凛王这蒙汗药还是下少了,睡着了他还在想案子。
“你还记得凛王去边境抓过一个背地里偷袭他的叛徒吗?”
陌桥枫点点头,他知道这件事,还曾跟陌如松讨论过,太子殿下战死沙场,兵权无主,朝中几位皇子都曾上书奔赴边关领兵,太子一死,兵权无主,算是他们争权夺利最大的底牌,可他们毕竟没有带兵的经验,圣上便驳回了他们的折子,还是裴寒忱千里奔袭立下军令状圣上才肯放他兵权。
得了兵权的裴寒忱,便是朝中那几位的眼中钉,只要裴寒忱一死,那么兵权最终还是要落到他们身上。
所以便有了暗杀的叛徒。
好在裴寒忱命大又争气,费了些时日把叛徒揪出来。
“太子殿下战死,储君一职就落到了那几人身上,他们想要兵权也无可厚非,只是没想到凛王会活下来,还察觉到了什么。”
陌桥枫执笔的手一怔。
“所以,太子殿下一事其实是凛王捅出来的。”
萧安旭点点头。
陌桥枫果然敏锐,他只是说了一句凛王察觉到了什么,陌桥枫便猜出了凛王。
陌桥枫在宣纸上落下“凛”字:“我本以为他也是为了那个位置才决定入朝,未曾想……竟是为了太子殿下。”

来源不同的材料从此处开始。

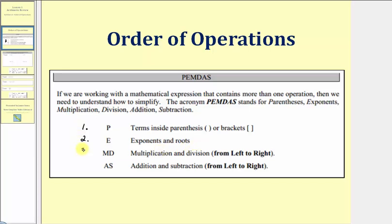Notice that for step three we have two letters: MD, which tells us to simplify multiplication and division as it occurs from left to right. So we don't multiply first and then divide — these two operations have the same priority, so we multiply and divide from left to right. And then finally, step four, we have the letters AS, which tell us to simplify addition and subtraction from left to right. Again, addition and subtraction have the same priority.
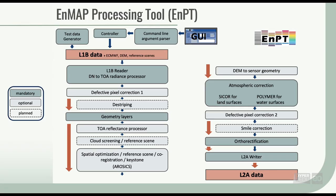While the GUI is pretty simple and the required input rather minimal, the algorithms working in the background of the EnPT processing chain are really complex. You can find a lot of details in the documentation as well as in the references link below. Or, if you like complex algorithms and programming, you can use the open-source EnPT Python package directly or integrate that into your own Python code.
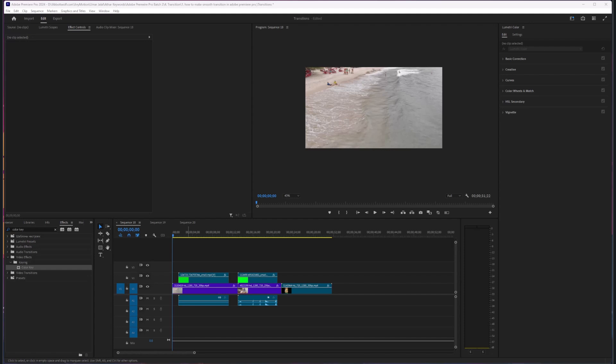Today I'm going to show you how we can rotate video in Adobe Premiere Pro. First of all, we are going to import our videos.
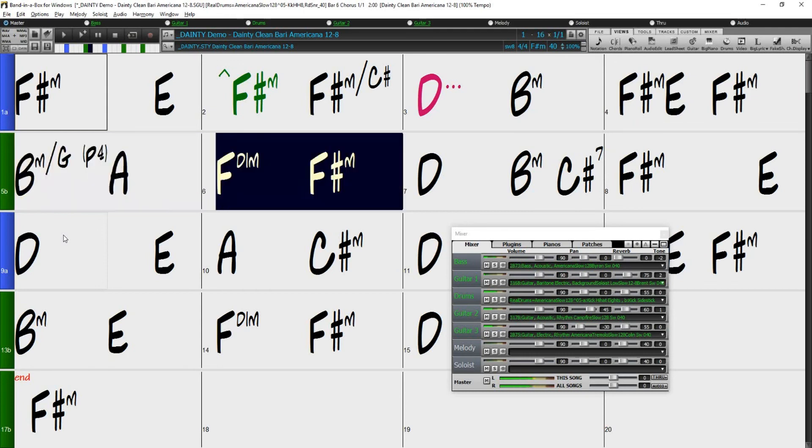Thanks for watching our video overview of the Chord Options Dialogue! Have fun!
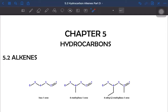Assalamualaikum and a very good morning everyone. In this video, we are going to continue with 5.2 hydrocarbon alkene for PID-D, which will cover the oxidation of alkene, as well as PID-E, which will cover the unsaturation test for alkene.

萧安旭叹口气:“凛王爷少年英豪,又重情重义,比起那几位,我倒宁愿是他坐上那个位置。”
“嗯,”陌桥枫点点头:“如此来说,我倒是不能给他使绊子了。”
萧安旭一脸无语:“……他伤了你弟弟是不假,可你这就开始暗中给他使绊子了?”
马车中的裴寒忱冷不丁打了个喷嚏。
陌桥枫在旁边依次写下几个字,等写到玉字时,犹豫了一会,墨水顺着笔尖掉落,遮盖了大半玉字,陌桥枫想了想,把那个玉字划掉。

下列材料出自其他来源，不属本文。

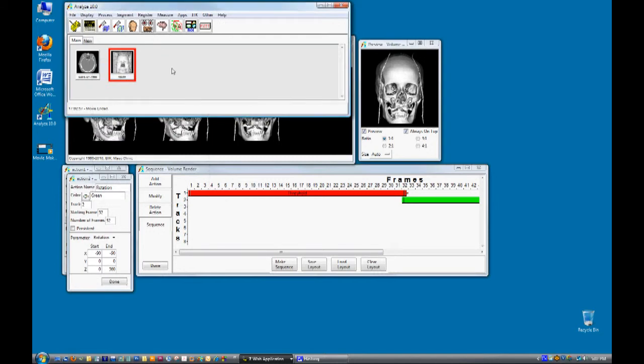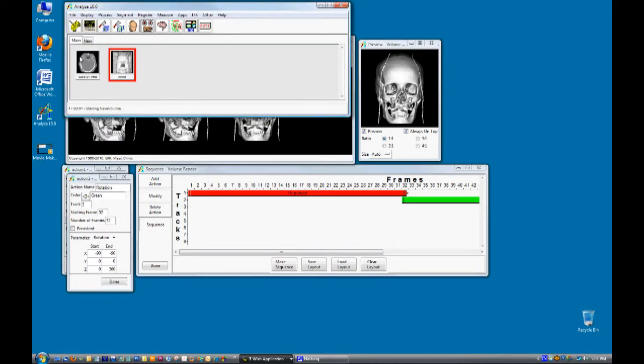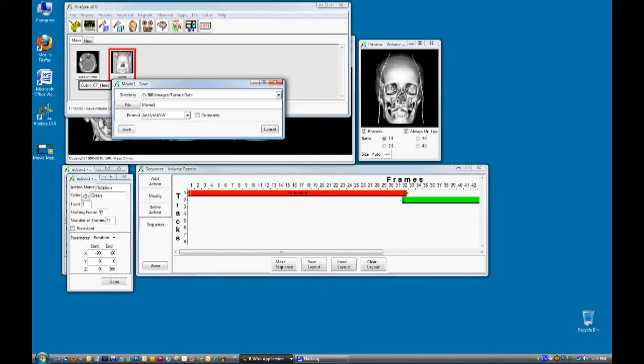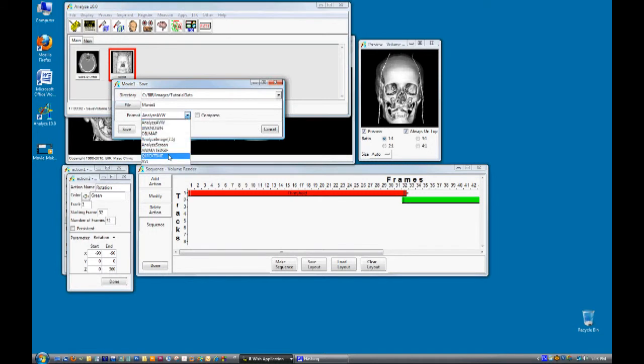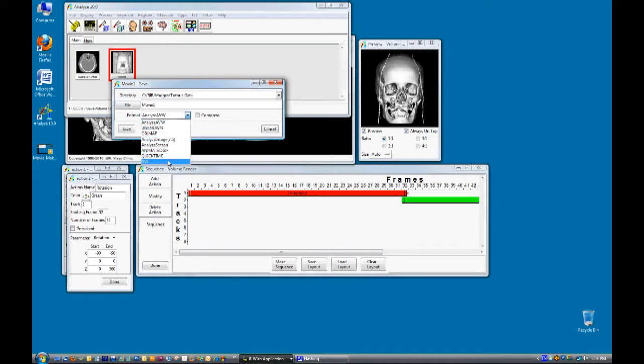To save the movie out of analyze select file and then save. The movie can be saved in the quicktime or avi file formats.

“皇家的事,我们不必掺和,太子一案埋没四年,该真相大白了。”
“是了。”萧安旭直起腰身,拿起狼毫跟陌桥枫一点一点梳理。
“凛王遇袭一事卷宗没有交代太多,可凛王把细节都已讲给了你我。”萧安旭说到这,想起那天陌桥枫去王府那个拉着脸的样子,斟酌一会问道:“你应当听着的吧?”
陌桥枫点点头。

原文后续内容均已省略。